Next Phase Plan (Decisions #36-#40)

  1. Initialize new public repository skeleton (C/Rust/Go library directories, shared protocol spec, CI layout).
  2. Port current proven protocol/interop baseline (UDS_SEQPACKET + negotiation) into reusable library APIs.
  3. Implement Windows transport baseline and align handshake/auth semantics with POSIX.
  4. Build exhaustive test matrix per language (unit + integration + cross-language interop) with coverage gates.
  5. Build benchmark matrix automation for Linux and Windows role combinations on GitHub-hosted cloud VMs and publish machine-readable artifacts.
  6. Add benchmark noise controls for cloud VMs:
    • run each benchmark scenario in multiple repetitions (for example 5)
    • report median plus spread (p95 of run-to-run throughput/latency)
    • capture runner metadata (OS image, vCPU model, memory, kernel/build info)
    • compare combinations primarily by relative ranking, not single-run absolute numbers
  7. Freeze acceptance criteria (coverage gate + benchmark sanity gate) before any Netdata integration work.
  8. Verify the actual Netdata runtime auth environment contract (NETDATA_INVOCATION_ID or replacement) in the Agent codebase and align the IPC handshake implementation with it.
  9. Produce benchmark evidence for acceptance review and use that review to decide whether the standalone repo is ready to integrate into Netdata.

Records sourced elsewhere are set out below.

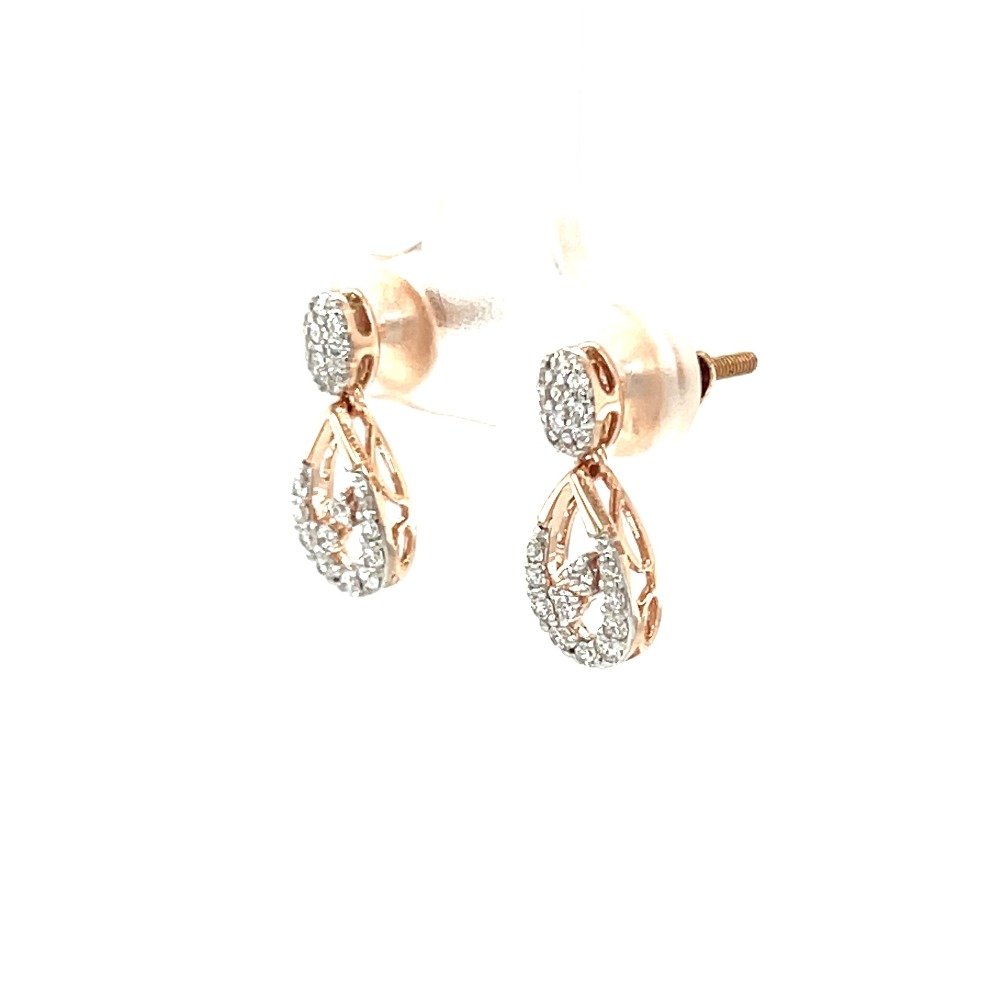 Mesmerizing Hanging Earring in Best Quality Diamonds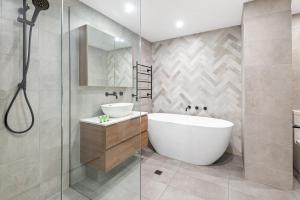 Perfect 2-Bed Inner-City Home with Pool & BBQ Area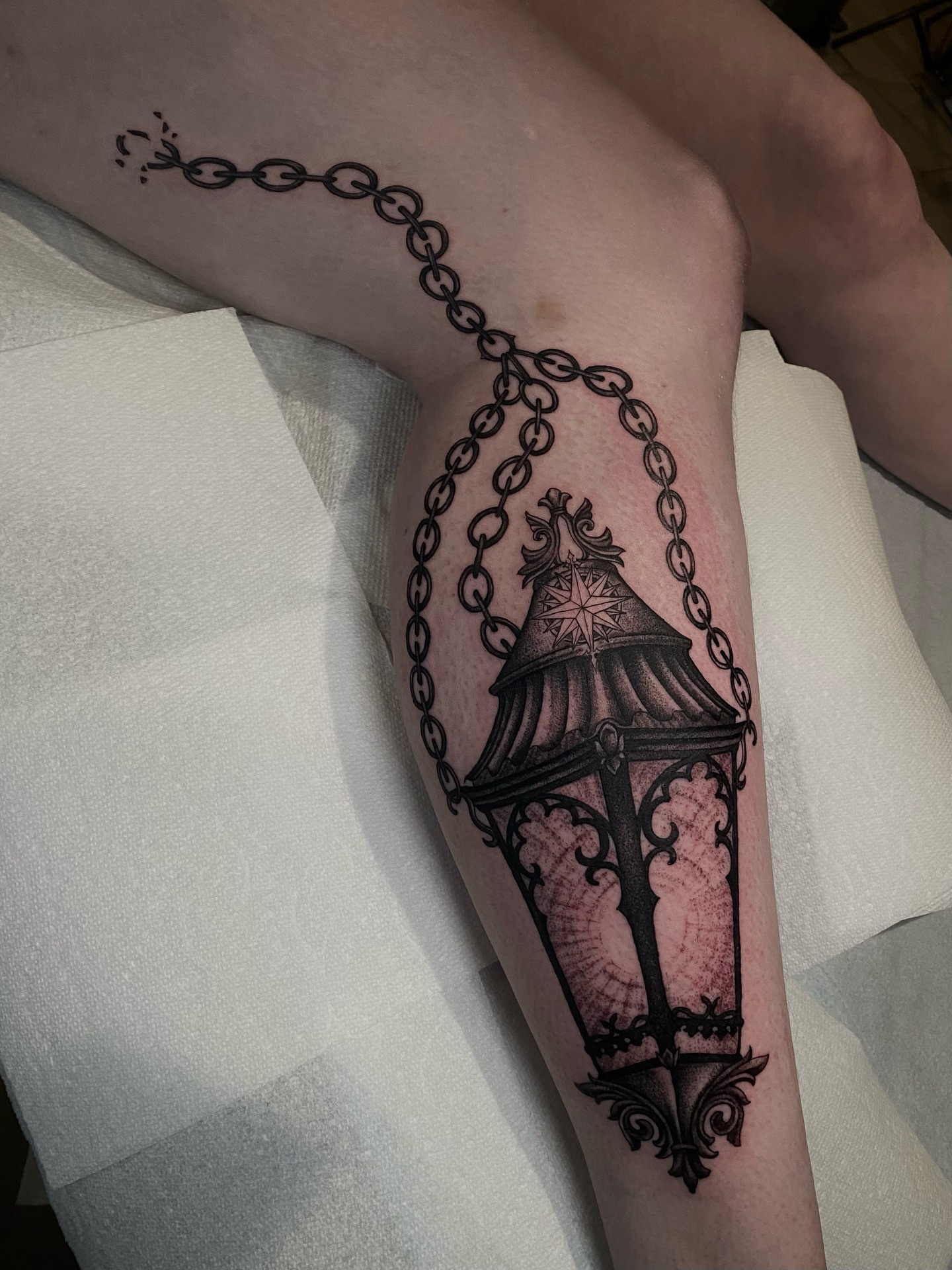 Tattoo by @meluusiine — black_and_grey
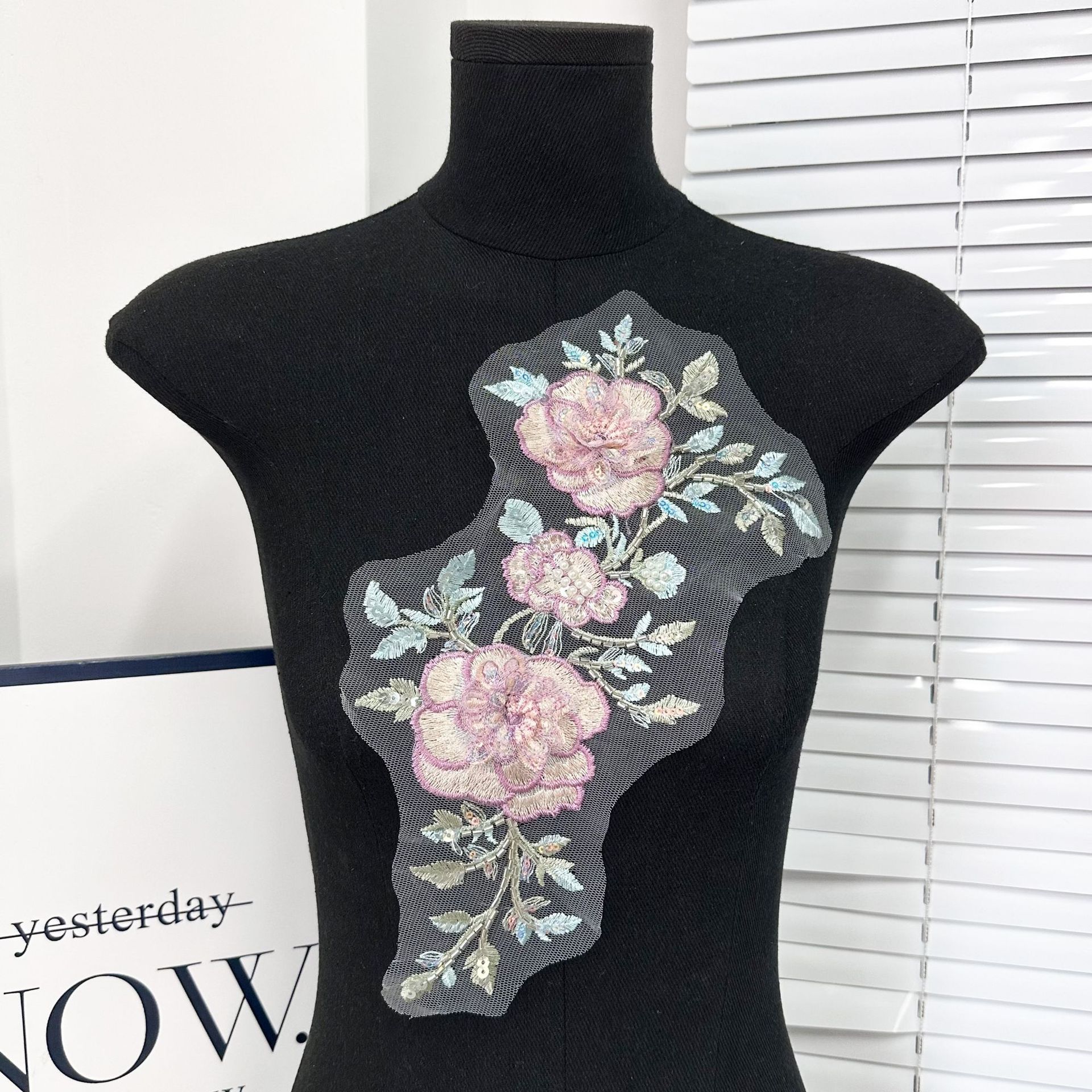 Requisitos 3D sequinilla bordado floral malla decal ropa DIY accesorios vestido collar pecho bordado parche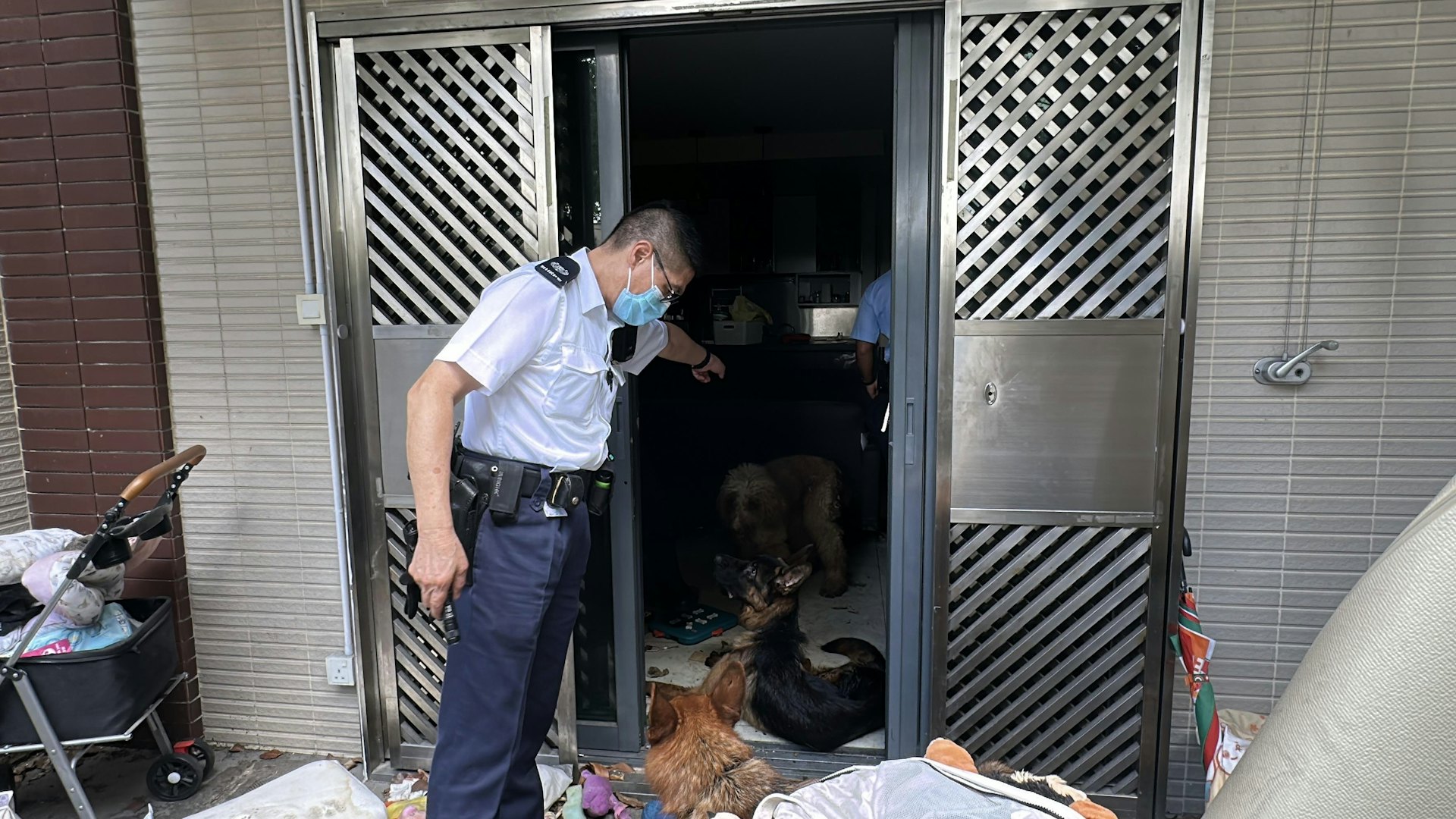 警員在單位內調查。(黃煦緻攝) 警員在單位內調查。(黃煦緻攝)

Risks / Constraints In This Phase

  • Fact: Current benchmark shared-memory transport is embedded in a benchmark executable and not yet a standalone reusable library.
  • Fact: A full production-ready cross-language shared-memory transport API (with lifecycle, reconnect, multi-client fairness, and auth handshake) is larger than this phase.
  • Working constraint for this phase:
    • Prioritize protocol/schema interoperability and a minimal C transport API suitable for iterative hardening.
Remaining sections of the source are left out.